**YOUR TASK**. Go to the line that contains "Western Blot - Anti-CEBPD". Restate that line and each one after it exactly, through the end of the records, without pictures.

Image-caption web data
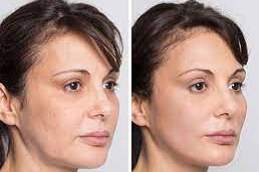 Silhouette Lift in Abu Dhabi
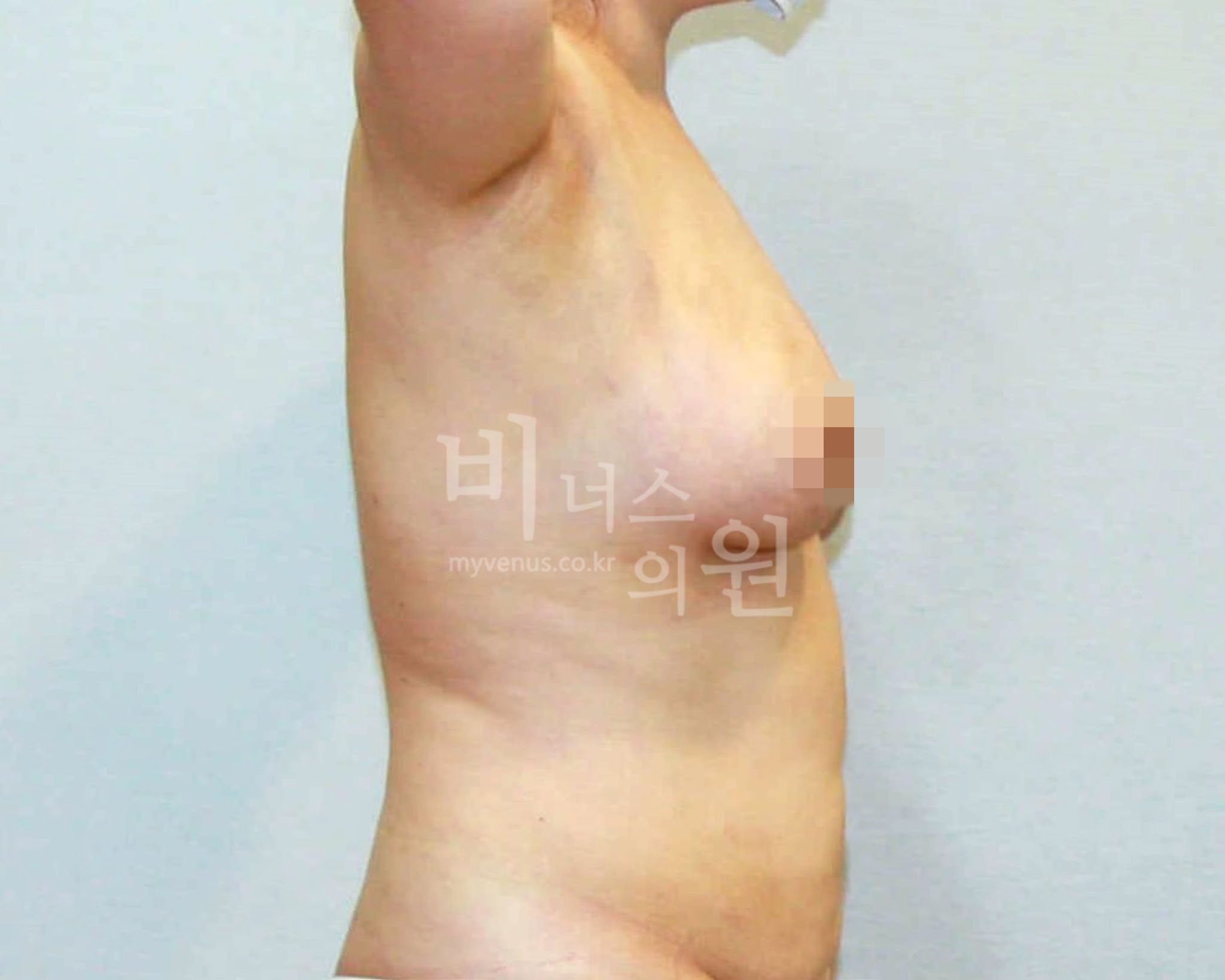 유방하수 표층 지방흡입 수술 후 측면 사진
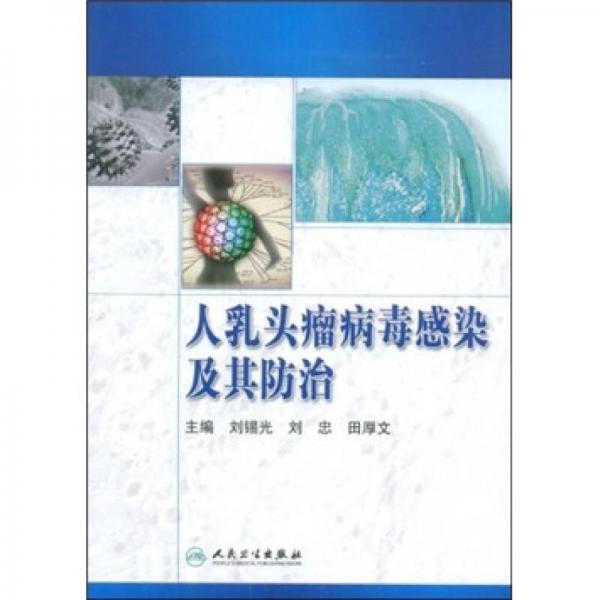 人乳头瘤病毒感染及其防治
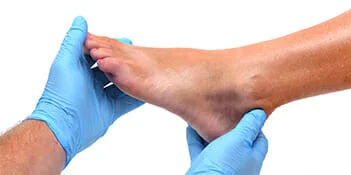 COMPLETE FOOTCARE SOLUTIONS - Caledon and Kleinburg Foot Care Clinic COMPLETE FOOTCARE SOLUTIONS - Caledon and Kleinburg Foot Care Clinic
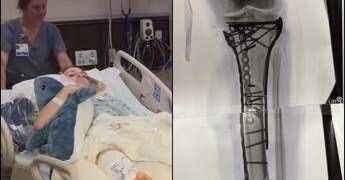 Milano Cortina, Vonn mostra la gamba dopo le operazioni: “Dolore difficile da gestire”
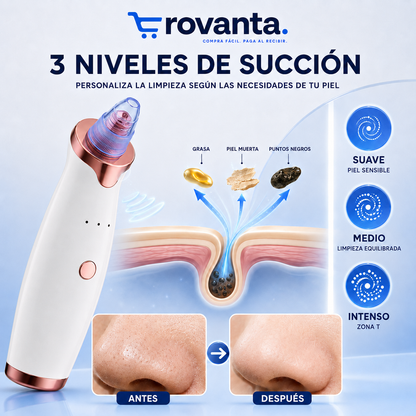 SUCCIONADOR DE PUNTOS NEGROS ROVANTA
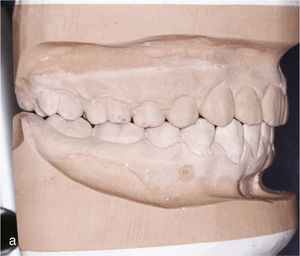 Modelos montados en relación céntrica una vez finalizado el tratamiento con contactos oclusales marcados.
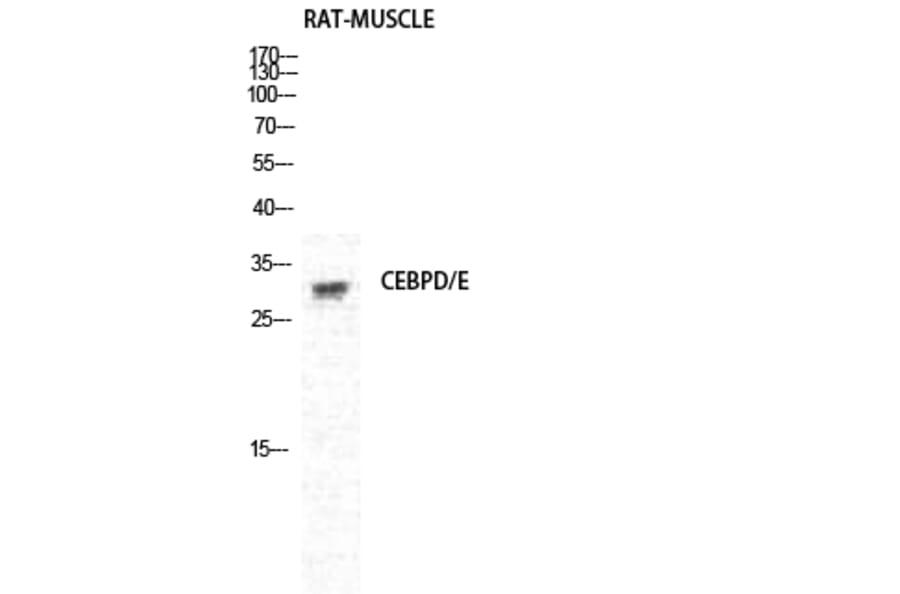 Western Blot - Anti-CEBPD + CEBPE Antibody (C10650) - Antibodies.com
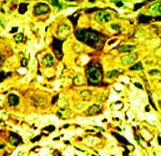 Formalin-fixed and paraffin-embedded human cancer tissue reacted with the primary antibody, which was peroxidase-conjugated to the secondary antibody, followed by AEC staining. This data demonstrates the use of this antibody for immunohistochemistry; clinical relevance has not been evaluated. BC = breast carcinoma; HC = hepatocarcinoma.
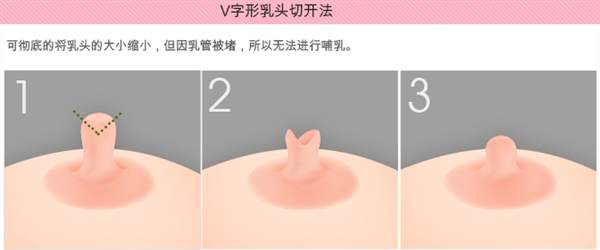 什么是乳頭<a href=http://www.sbs17.com/listinfo-625-0.html target=_blank class=infotextkey>乳暈縮小</a>術(shù)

**ANSWER SPACE**.
 Western Blot - Anti-CEBPD + CEBPE Antibody (C10650) - Antibodies.com
 Formalin-fixed and paraffin-embedded human cancer tissue reacted with the primary antibody, which was peroxidase-conjugated to the secondary antibody, followed by AEC staining. This data demonstrates the use of this antibody for immunohistochemistry; clinical relevance has not been evaluated. BC = breast carcinoma; HC = hepatocarcinoma.
 什么是乳頭<a href=http://www.sbs17.com/listinfo-625-0.html target=_blank class=infotextkey>乳暈縮小</a>術(shù)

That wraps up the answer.